Saturday, April 24, 2010

Why the Tea Party Is and Is Not Overblown

(I'm trying my hand at blogging about the academic subjects I tend to be writing about--I think it should be fun)

The Tea Party movement has obtained a lot of visibility of late. A slick article at Politico made the point that the movement's impact has been overstated, both in terms of the "actual" people that subscribe to it, and in the incentive that mass media has to fixate on the Tea Party as a shiny object to promote easy partisan deliberation (The Left mocks, the Right defends). I'm interested in how the Politico piece minimizes the impact of the Tea Party by turning it into something that is "merely" a media production, in much the same way that enemies of rhetoric turn an important piece of argumentation into "mere rhetoric", a weak adorning feature of an externally constituted reality.

The difficulty, of course, is in figuring out just how many people identify with the Tea Party movement, and, just as tellingly, how many people violently react against identifying with it. One might say that the only fair measure of the Tea Party's impact will be to wait and see for the result of the midterm elections in November. Perhaps. My suspicion, though, is that even if we want to temporarily eschew traditional measures of the "importance" of the movement (polling, electoral results), we can still speculate about what the appearance in public of the movement really signals. That is to say, the fact that its a topic of conversation throughout the cable news world and over the Interwebs means that examining how discourse about the Tea Party circulates might provide us with a helpful index for what individuals think the character of America is "like" at this particular moment.

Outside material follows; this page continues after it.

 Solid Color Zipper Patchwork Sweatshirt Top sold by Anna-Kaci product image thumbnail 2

Take Politico's argument that both the left and right have good reason for sitting on the movement--the Left, to point to the foolishness of their opposition and solidify their own identity as the organized population in power (and no doubt committed to a form of "rational" debate to which the Tea Party movement is wholly alien in left eyes) and the Right in order to constitute something like an image of "the people" useful for producing the political position of a legitimately aggrieved population to argue against the Democrats in power. In this case the argument embedded within the Politico piece undermines the piece's own conclusion, that the impact of the movement is overblown. Why? Because the movement's framing in the media, and the reactions to it by political actors gives us insight into how current social space is constituted during a midterm election year.

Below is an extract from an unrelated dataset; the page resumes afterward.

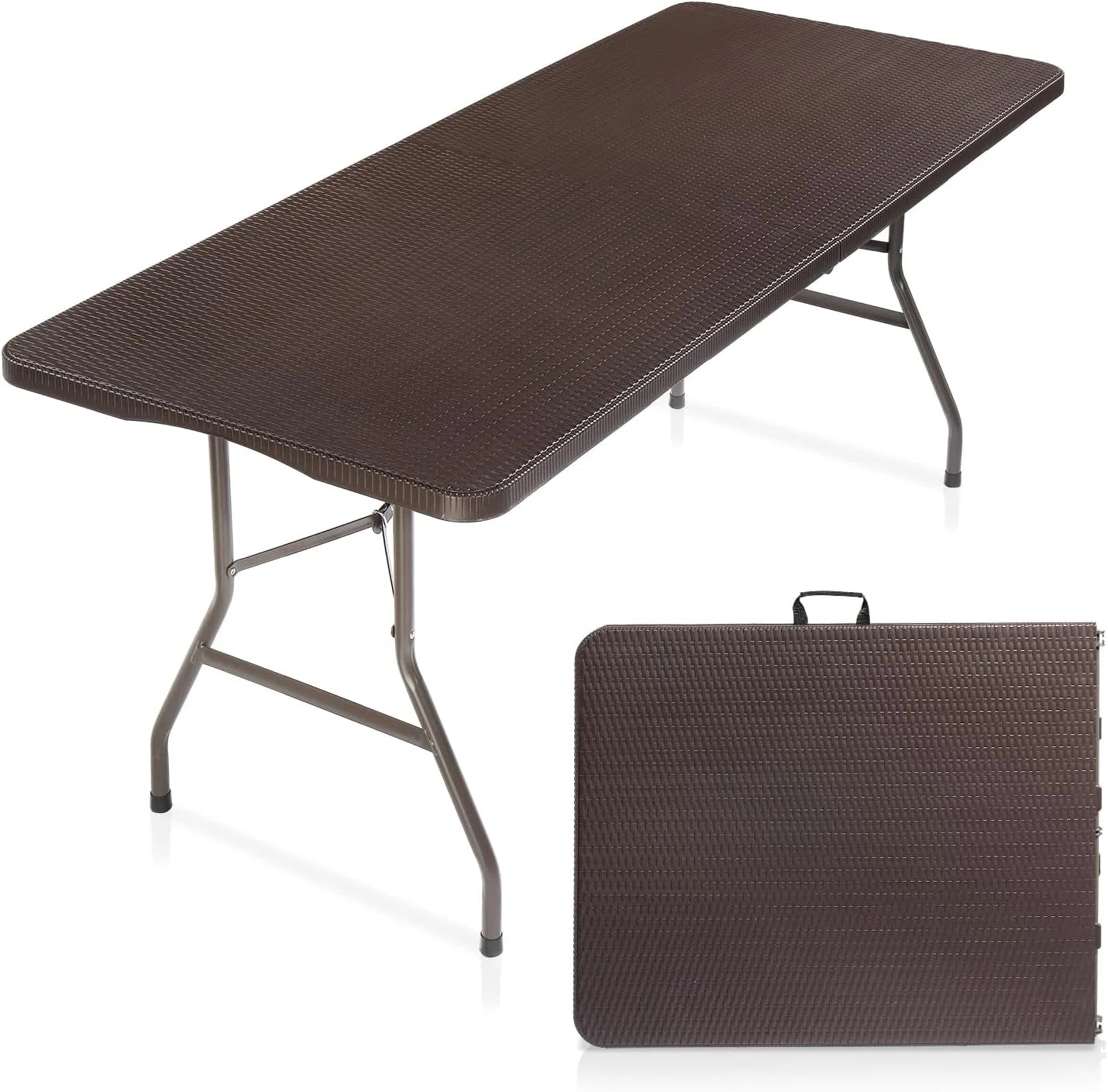 Special VINGLI 4 FT Plastic Folding Camping Table,3-Level Adjustable Height, Portable in/Outdoor Party Picnic Dining Desk - Image 7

Consider, for example, that the right's arguments valorizing the Tea Partiers will easily serve as the same topoi the conservatives will use in the upcoming election. For example, the Tea Partiers are often positioned as "revolutionaries" who "want to take their country back". A recent ad campaign underscores this point. Found here (h/t to TPM), the ad uses a provocative metaphor, implying that Barack Obama is an illegitimate fascist leader, the product of a cult of personality who is destroying American values. Utilizing imagery and symbols found throughout the film V for Vendetta (and presumably the comic as well), the film seems to imply this November will contain a revolution of sorts. This campaign comes from Haley Barbour's people, an important young moving and shaking element in the Republican party.

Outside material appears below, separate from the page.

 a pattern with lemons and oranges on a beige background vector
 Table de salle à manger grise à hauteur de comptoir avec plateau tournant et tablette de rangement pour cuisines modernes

So on one hand Politico can say: the Tea Party movement doesn't really matter. On the other hand, the GOP is producing advertisements that indicate they believe the sort of people who might identify with the Tea Party movement are also an important target population for the 2010 midterm. So the GOP is behaving "as if" the Tea Partiers do matter as a political consituency. The GOP has had success drumming up fears, and it seems will continue to do so.

The leftist mockery is also valuable for study. For example, The Daily Show has done a good job of pointing to the lack of demographic diversity attached to the movement. This post, circulated throughout the Facebook, has also really resonated with people, pointing to how the movement's embrace of tacit threats of violence has continued to be present, avoiding the sort of criticism that might be levelled at a more diverse crowd making similar claims. Obviously, the Democrats want to claim that the Tea Partiers don't represent a proper cross-section of the American population.

I don't really have any conclusions here, just wanted to jot some thoughts down.

2 comments:

  1. I get you're running a Ranciere on this, and this is what I'd have to say:

    This is the thing, the GOP is still subsumed within the larger category of democracy, which still forces all speaking actors under its umbrella as 'speeched'. Regardless of their political affiliation, liberal or conservative alike cannot but treat the teapartiers as having 'speech,' they are not just 'noise' but an important, already incorporated constituency. Inanity does not equate to unintelligibility, or speechlessness - that category belongs to an exterior, an explicitly exterior, subservient or subordinate class. An example would be the immigrants in AZ, for instance. They are non-speeched once identified, even though they might walk among, 'passing' as speeched actors. Because Tea Partiers are exterior to this structure, the logic of incorporation, or even of the interpellation of a public under the guise of its popularity cannot function according to Ranciere's proposed theory of 'politics' per se.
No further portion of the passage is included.